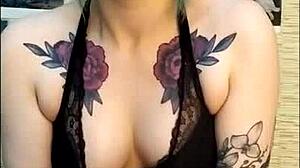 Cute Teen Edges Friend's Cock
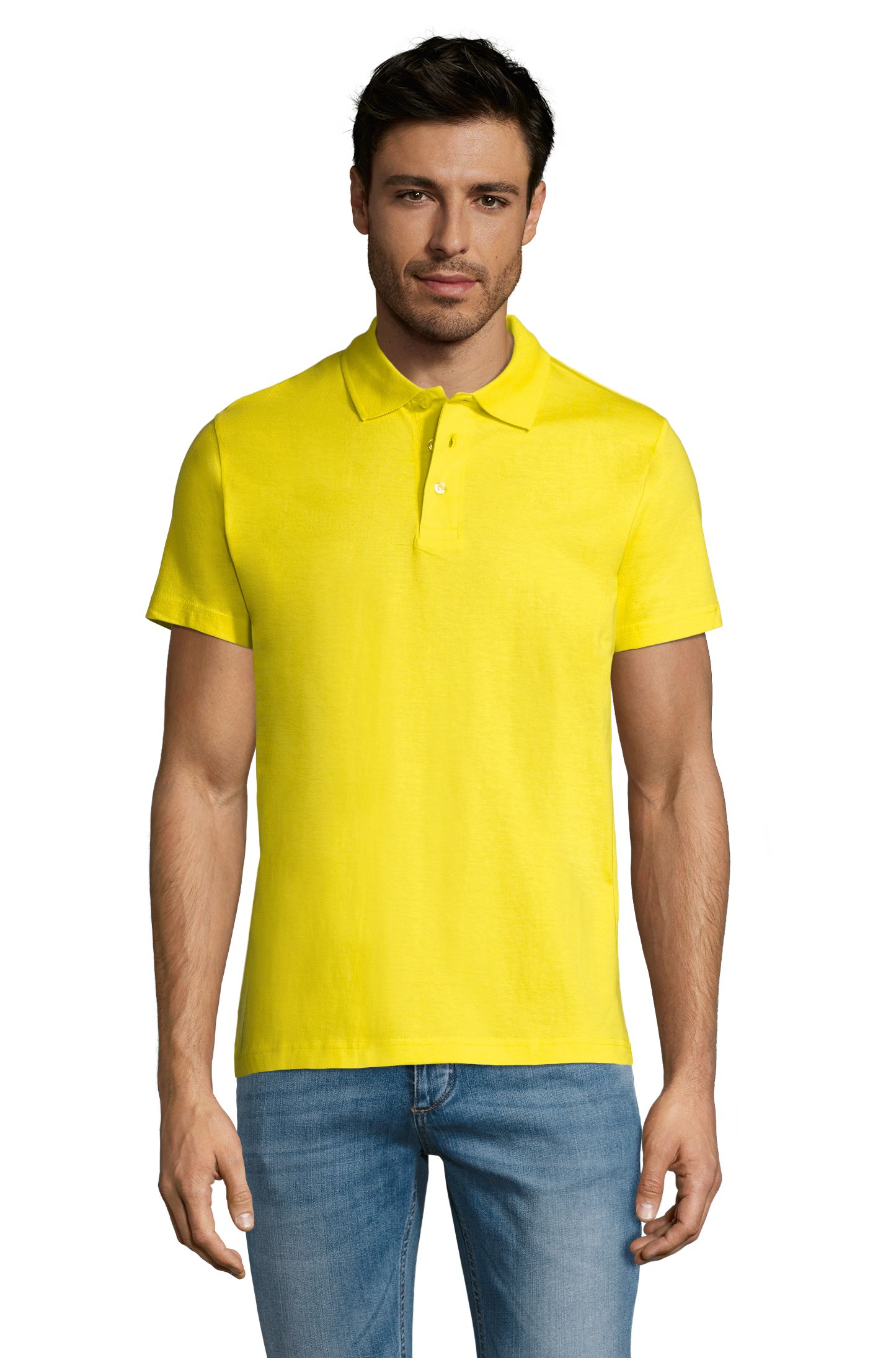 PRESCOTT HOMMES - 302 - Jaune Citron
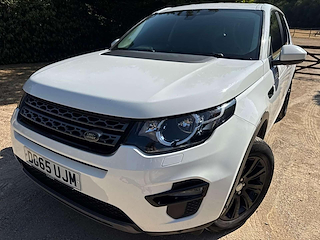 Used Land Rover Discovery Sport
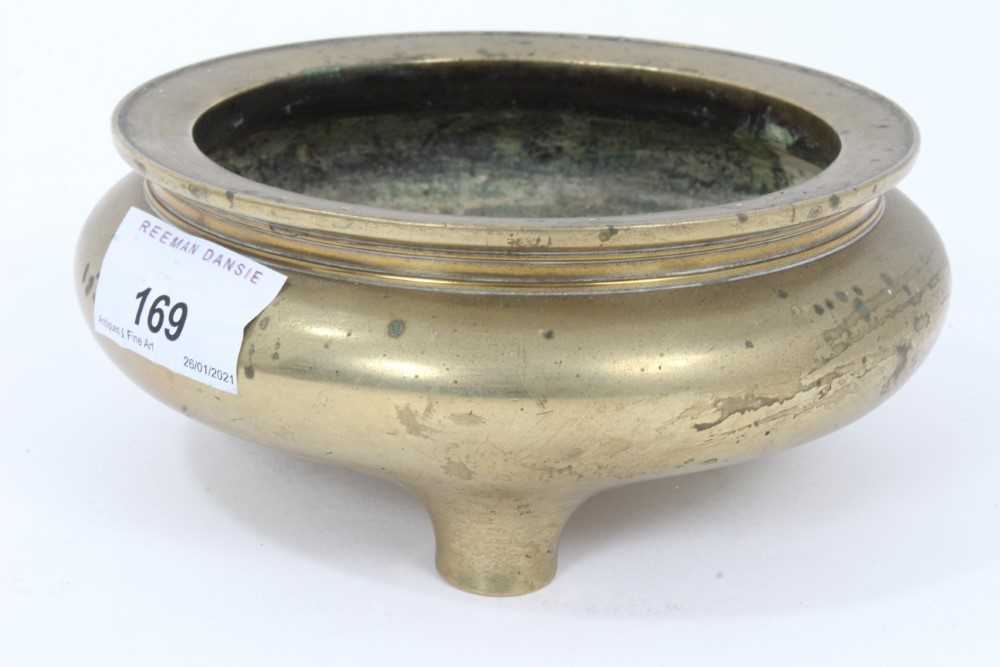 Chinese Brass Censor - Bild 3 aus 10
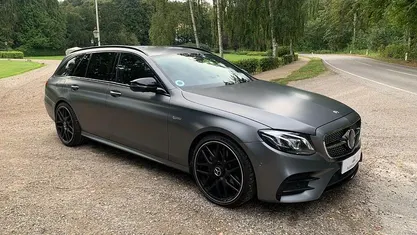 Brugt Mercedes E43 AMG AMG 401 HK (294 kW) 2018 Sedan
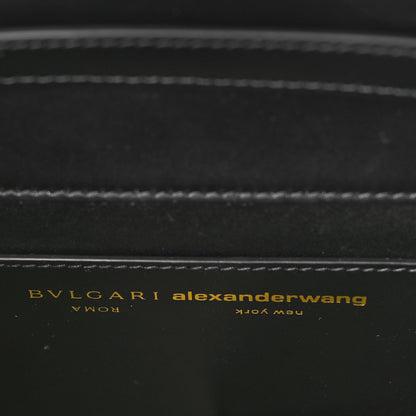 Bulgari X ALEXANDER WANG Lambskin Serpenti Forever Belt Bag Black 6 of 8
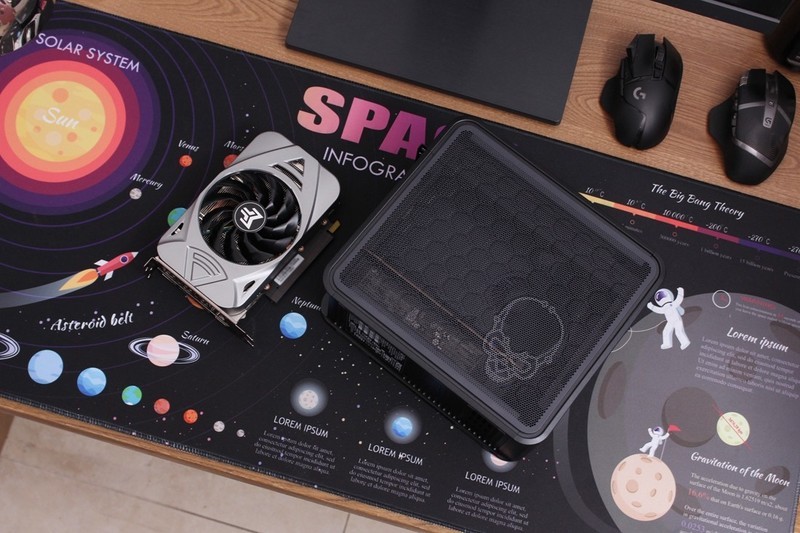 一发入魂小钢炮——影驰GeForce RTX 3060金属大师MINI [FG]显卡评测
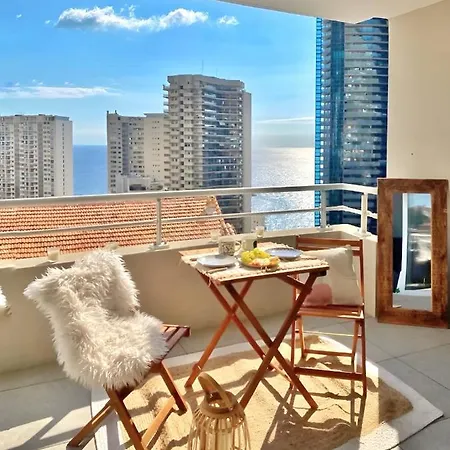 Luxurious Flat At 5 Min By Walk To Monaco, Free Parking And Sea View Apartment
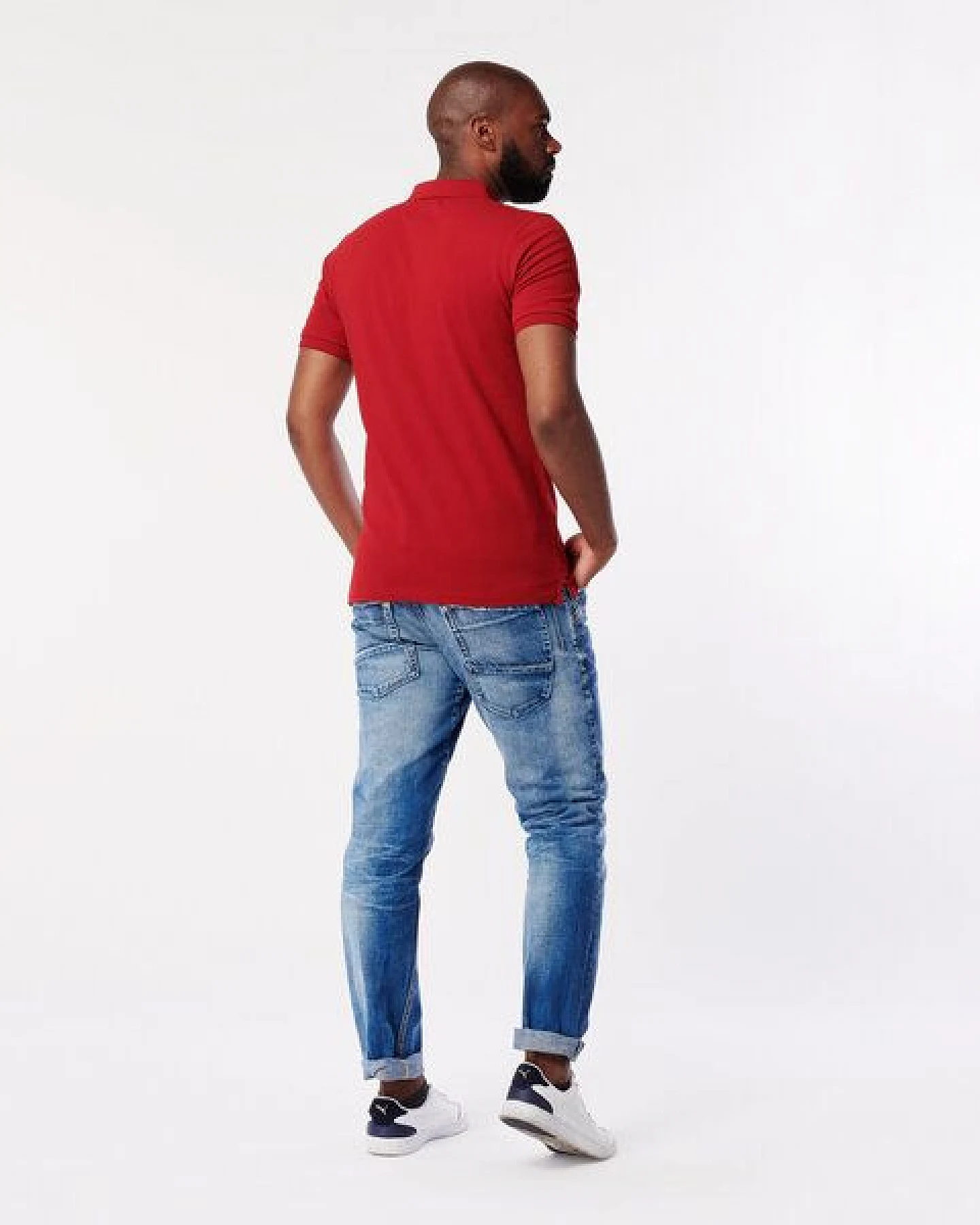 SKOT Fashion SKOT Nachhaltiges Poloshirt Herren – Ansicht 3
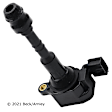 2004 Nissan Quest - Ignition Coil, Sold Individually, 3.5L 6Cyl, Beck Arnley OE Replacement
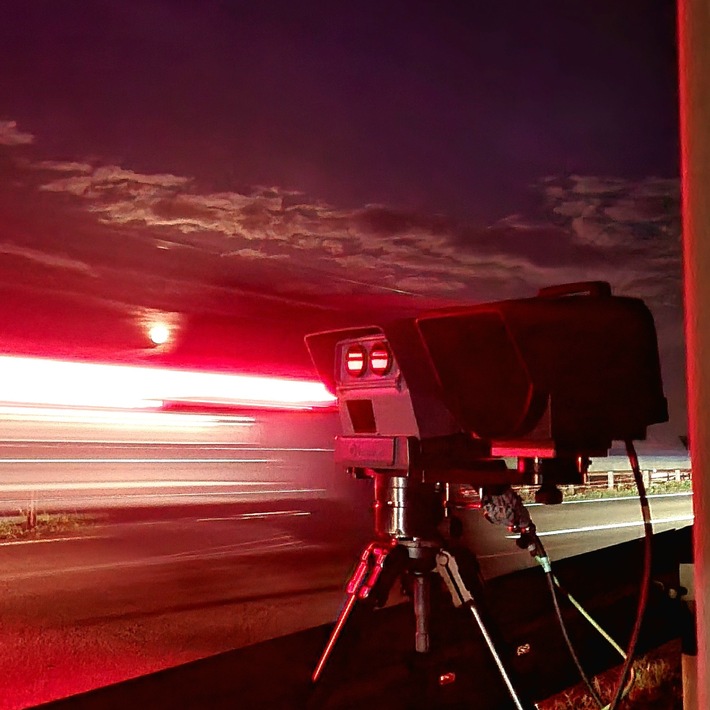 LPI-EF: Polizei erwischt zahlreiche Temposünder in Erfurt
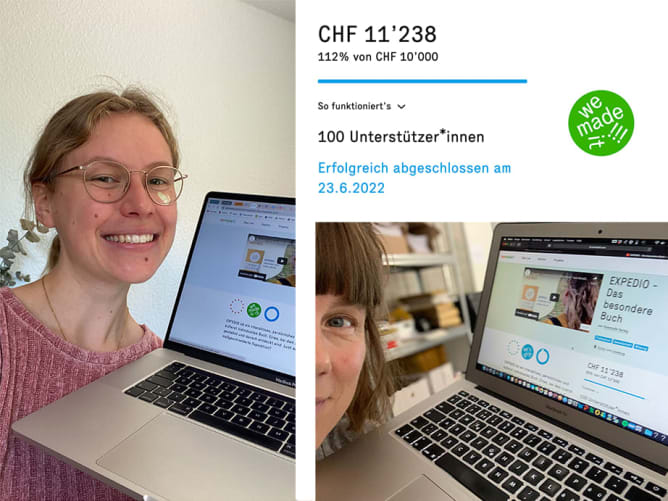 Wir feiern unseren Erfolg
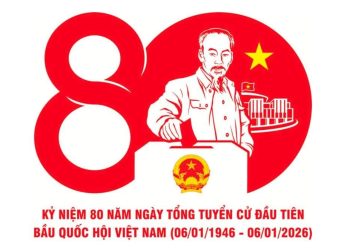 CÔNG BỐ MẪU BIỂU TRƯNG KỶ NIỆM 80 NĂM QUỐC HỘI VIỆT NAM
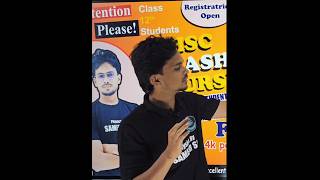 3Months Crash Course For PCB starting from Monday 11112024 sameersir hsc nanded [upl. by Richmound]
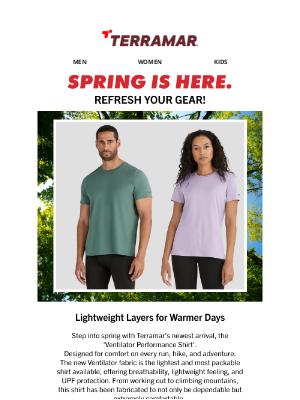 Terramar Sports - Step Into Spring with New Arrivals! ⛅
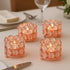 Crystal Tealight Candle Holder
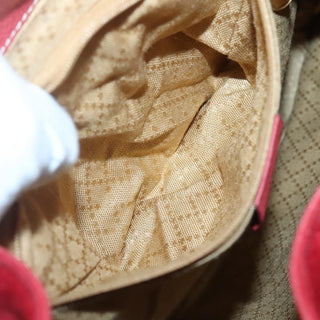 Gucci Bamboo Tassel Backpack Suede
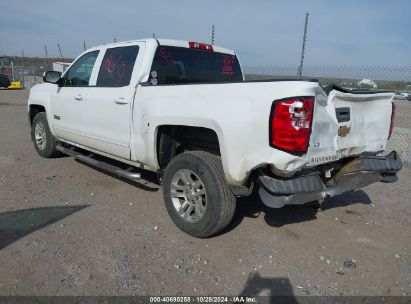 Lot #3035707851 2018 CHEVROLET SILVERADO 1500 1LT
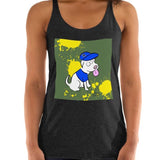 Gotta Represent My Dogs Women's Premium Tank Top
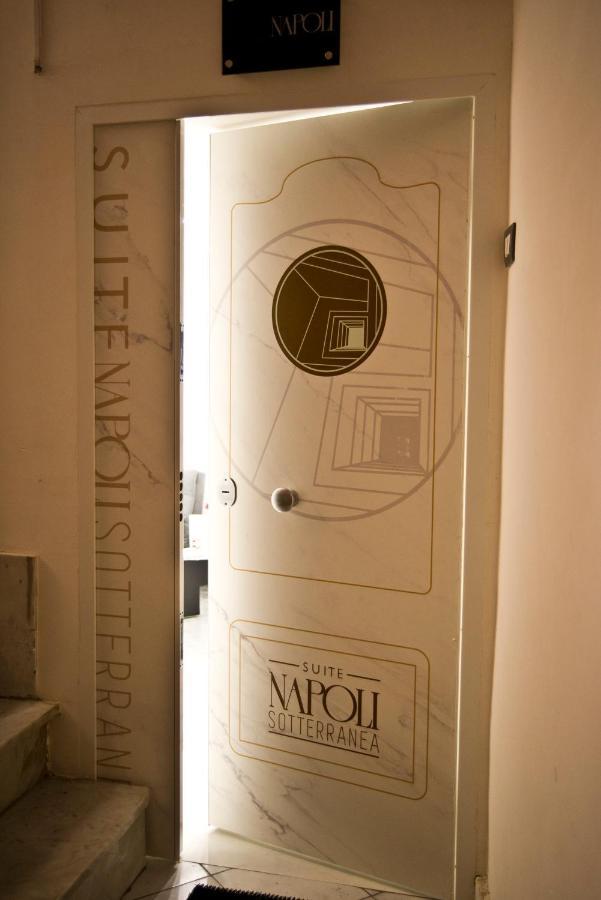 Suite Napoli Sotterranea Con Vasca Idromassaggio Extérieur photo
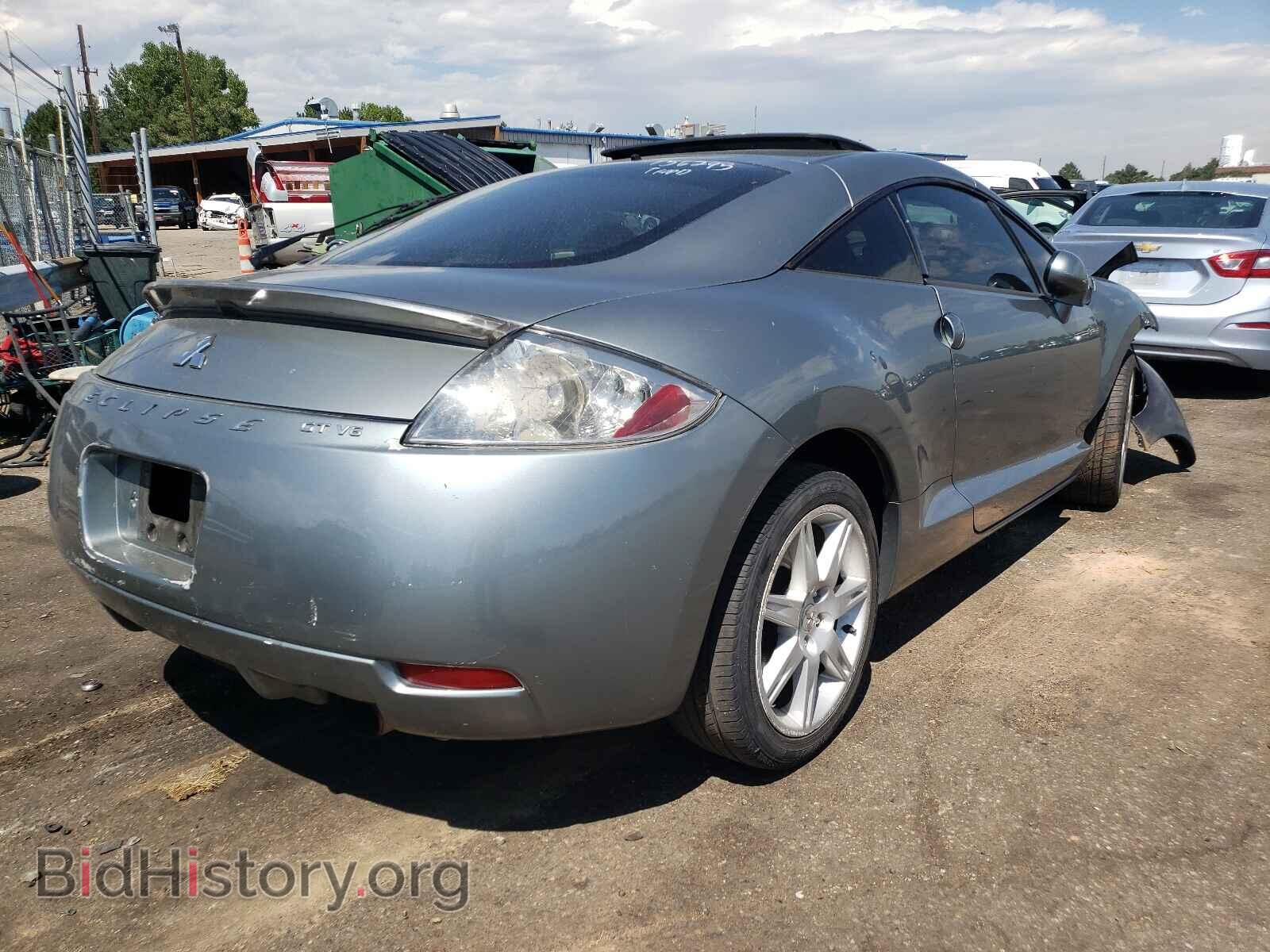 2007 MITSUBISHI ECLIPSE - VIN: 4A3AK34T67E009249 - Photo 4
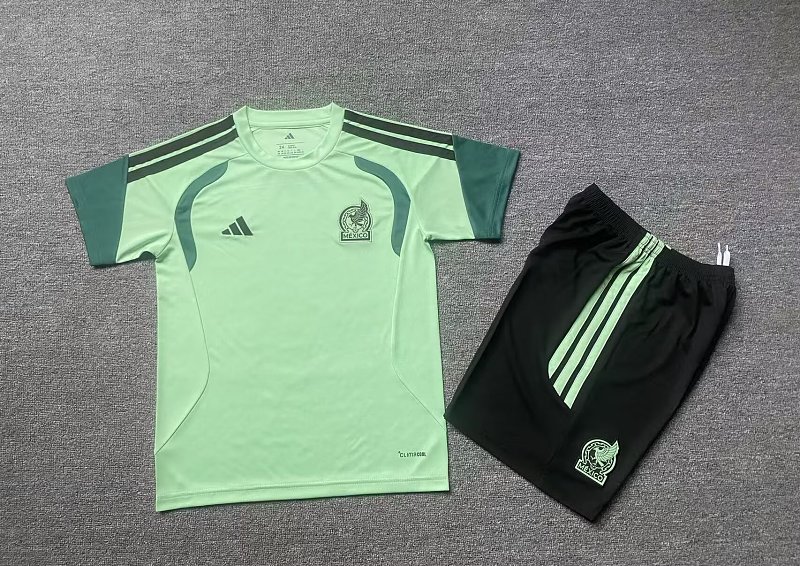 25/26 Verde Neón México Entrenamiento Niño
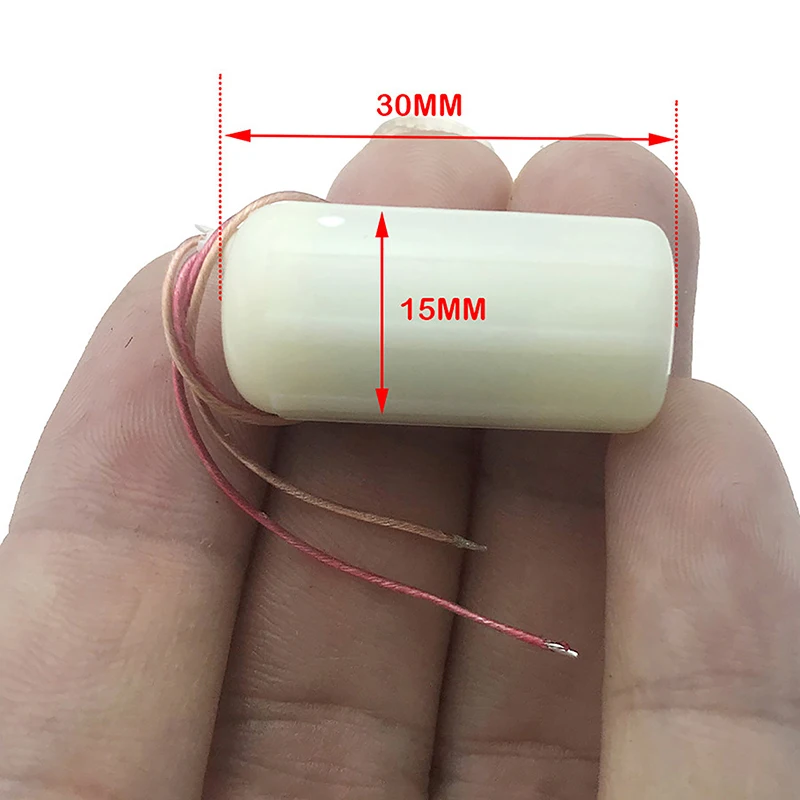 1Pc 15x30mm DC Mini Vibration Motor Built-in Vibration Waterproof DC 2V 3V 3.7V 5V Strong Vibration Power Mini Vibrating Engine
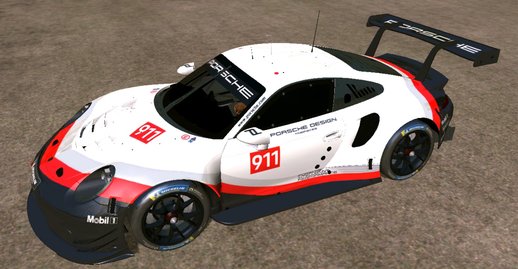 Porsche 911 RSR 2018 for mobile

#### WHAT THE EXERCISE ASKS:
In the records above, everything from the line with "Used Land Rover Discovery Sport" down to the line with "一发入魂小钢炮——影驰GeForce RTX 3060金属大师MINI [FG]显卡评测" must be duplicated exactly, both lines kept. Leave no pictures in.

#### EXERCISE RESPONSE:
 Used Land Rover Discovery Sport
 Chinese Brass Censor - Bild 3 aus 10
 Brugt Mercedes E43 AMG AMG 401 HK (294 kW) 2018 Sedan
 Bulgari X ALEXANDER WANG Lambskin Serpenti Forever Belt Bag Black 6 of 8
 一发入魂小钢炮——影驰GeForce RTX 3060金属大师MINI [FG]显卡评测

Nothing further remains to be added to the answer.